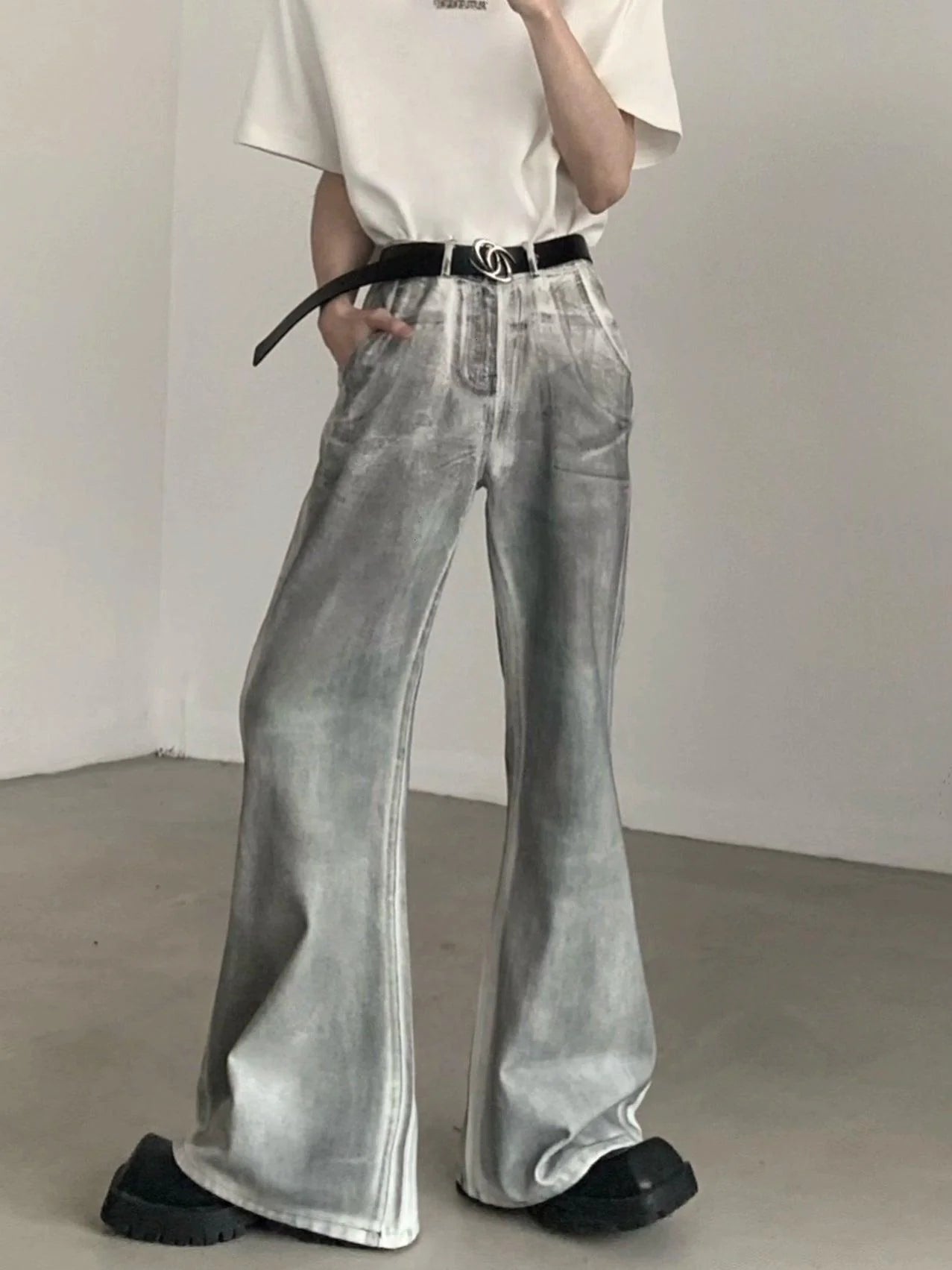 Wide-Leg Silver Metallic Jeans - sneakershuborg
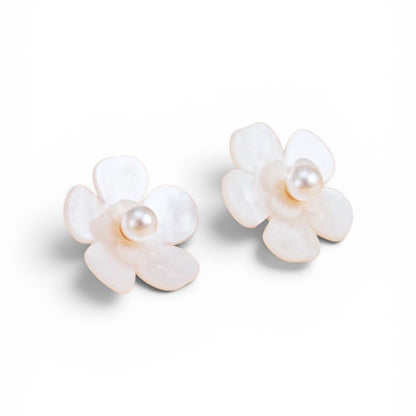 Steel earrings with white resin hearts - EA030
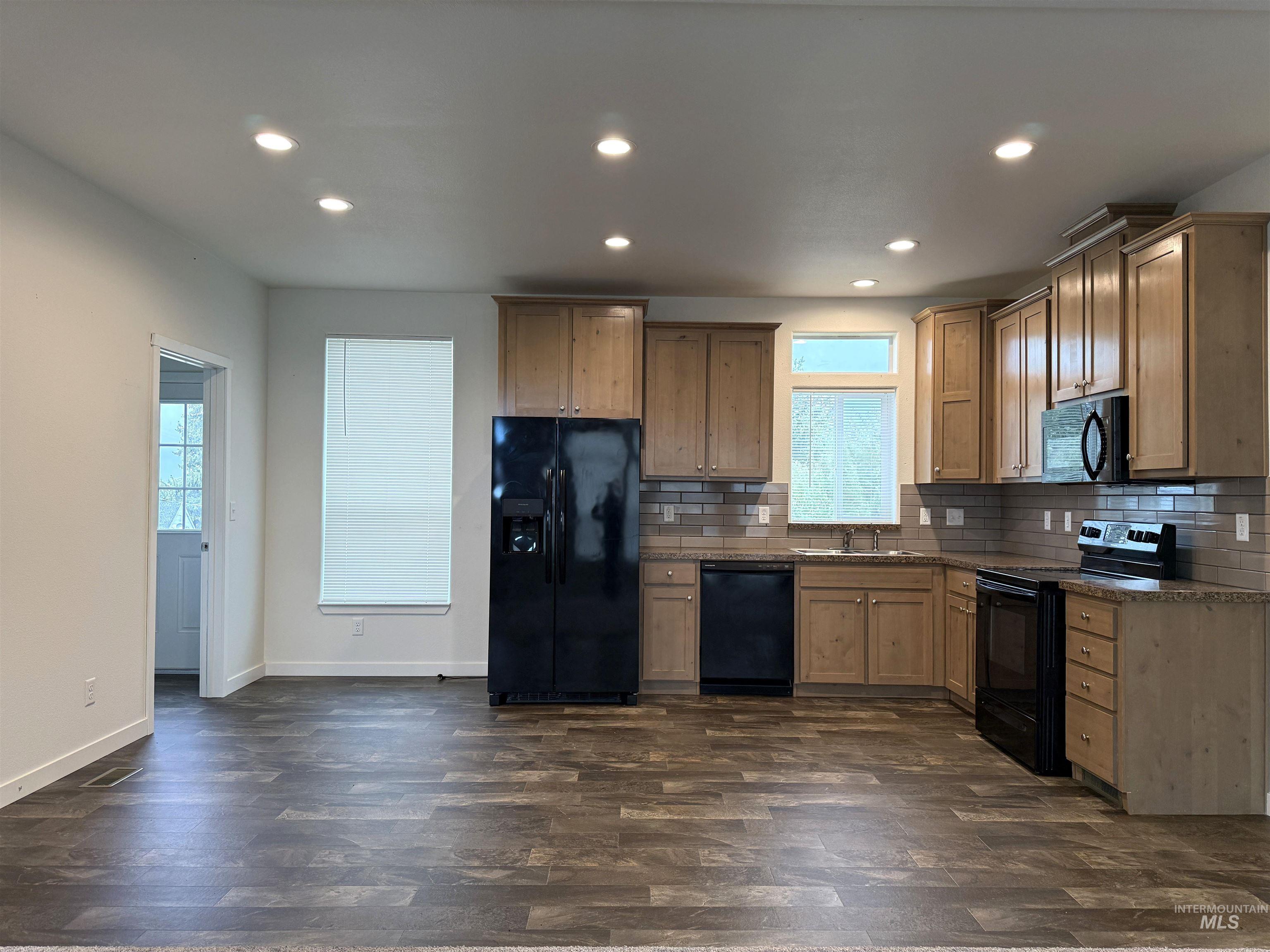 409 N 4th Avenue, Craigmont, Idaho 83523, 3 Bedrooms, 2 Bathrooms, Residential For Sale, Price $265,000,MLS 99002041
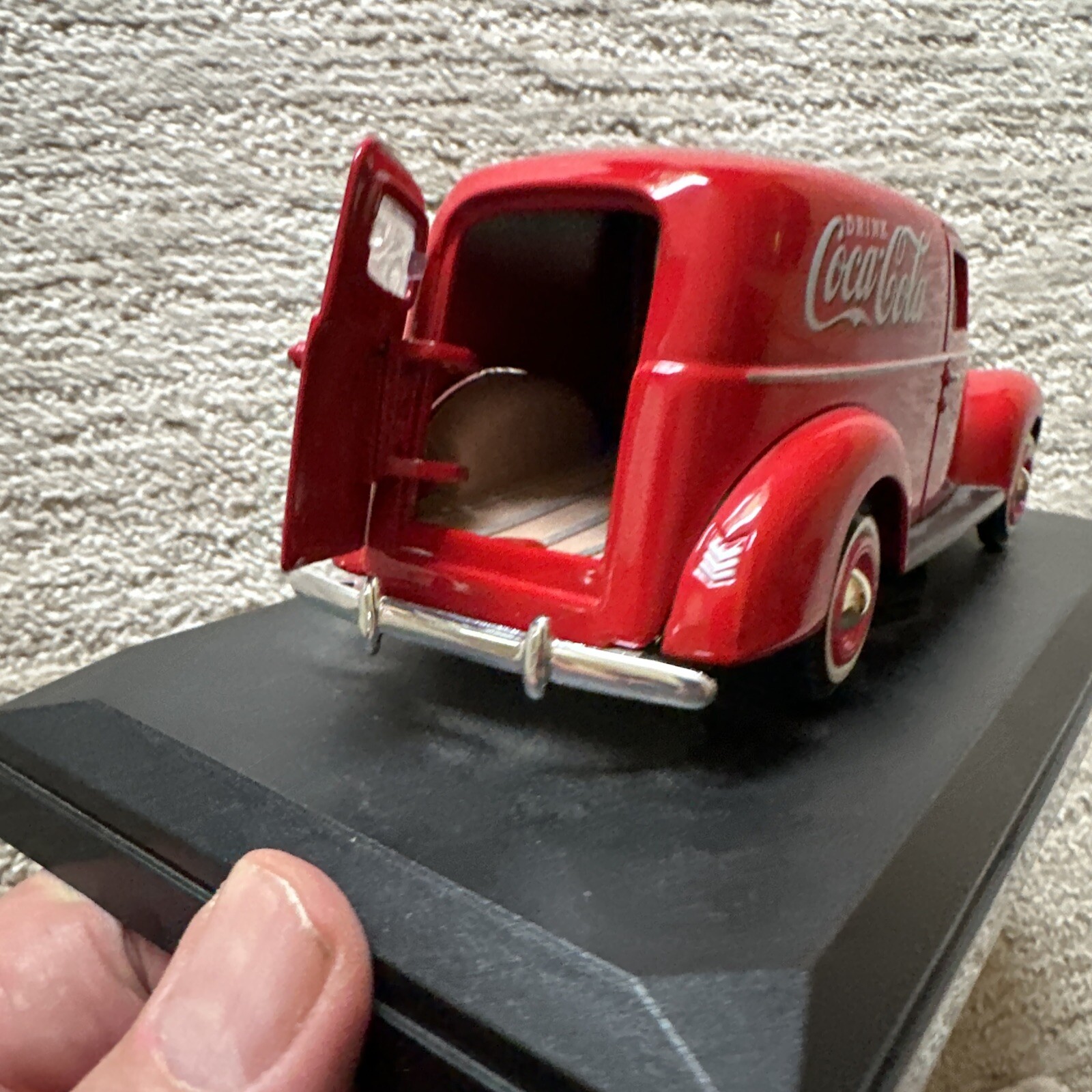 Coca Cola Ford 1940 Sedan Delivery 1:24 Diecast Collectible USED NO BOX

EXERCISE DETAILS: Return the whole listing exactly, minus its pictures.

WRITTEN ANSWER:
 Wide-Leg Silver Metallic Jeans - sneakershuborg
 Steel earrings with white resin hearts - EA030
 409 N 4th Avenue, Craigmont, Idaho 83523, 3 Bedrooms, 2 Bathrooms, Residential For Sale, Price $265,000,MLS 99002041
 Coca Cola Ford 1940 Sedan Delivery 1:24 Diecast Collectible USED NO BOX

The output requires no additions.